Crime

Property developers disqualified for tax avoidance

Two Scottish property developers have been disqualified after failing to pay tax on a land deal.

Richard Black, from Collessie, and William Edmiston, from Kirkcaldy, have been banned for a total of 13 years.

The pair are now banned from acting as a director or directly or indirectly becoming involved, without the permission of the court, in the promotion, formation or management of a company.

Mellerstain Developments was incorporated in April 2002 and the company developed building projects in central Scotland.

The company, however, was said to have “started to struggle” and entered into liquidation in August 2018, which brought Mellerstain Developments to the attention of the Insolvency Service.

Investigators uncovered that in June 2016, two years before the company went into liquidation, Mellerstain Developments sold land to two of the company’s directors: Black Edmiston.

The land was the last asset that the company owned and when the land was sold the company owed the tax authorities more than £31,000, having agreed to settle the debt before November 2020.

Mellerstain Developments, however, paid just over £24,000 to William Edmiston from the proceeds of the land sale and just under £11,000 was paid in cash to an undisclosed party, while nothing was paid to the tax authorities to settle the outstanding liabilities.
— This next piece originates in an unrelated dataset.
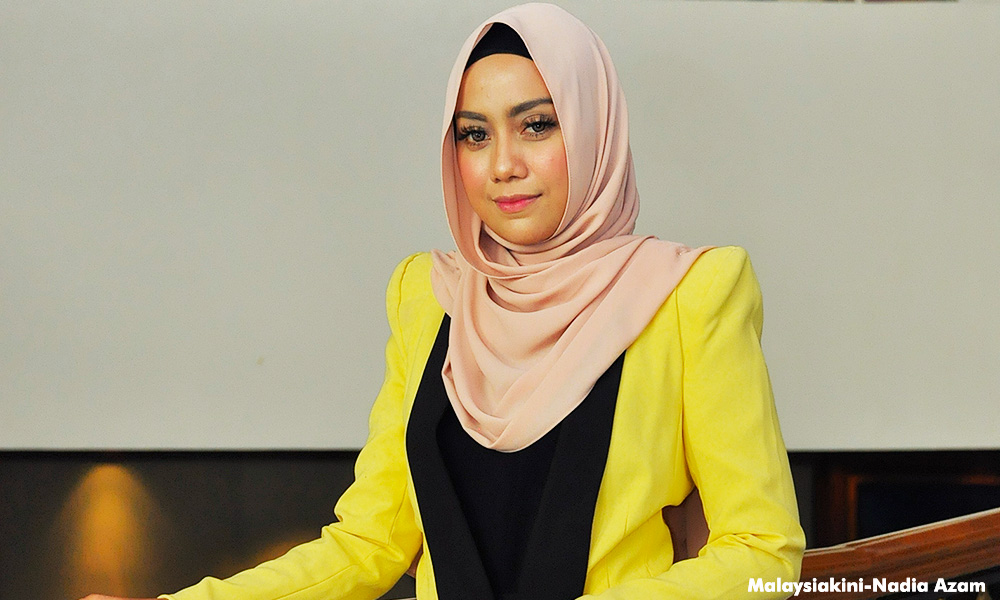 Mia nak jadi wanita bertudung jahat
On 8 July 2020, the Secretary of State accepted disqualification undertakings from Richard Black and William Edmiston after the property developers did not dispute acting to the detriment of the tax authorities.

Richard Black has been banned for six years by the Insolvency Service, while William Edmiston has been banned for seven years, and their bans were effective from 29 July.

Rob Clarke, chief investigator for the Insolvency Service, said: “Directors have a duty to ensure the correct amount of tax is paid but Richard Black and William Edmiston clearly thought the rules didn’t apply to them.

“Thankfully their activities were brought to the attention of the Insolvency Service. Their bans should serve as a stark warning to other directors there are severe consequences if you put your interests ahead of your creditors.”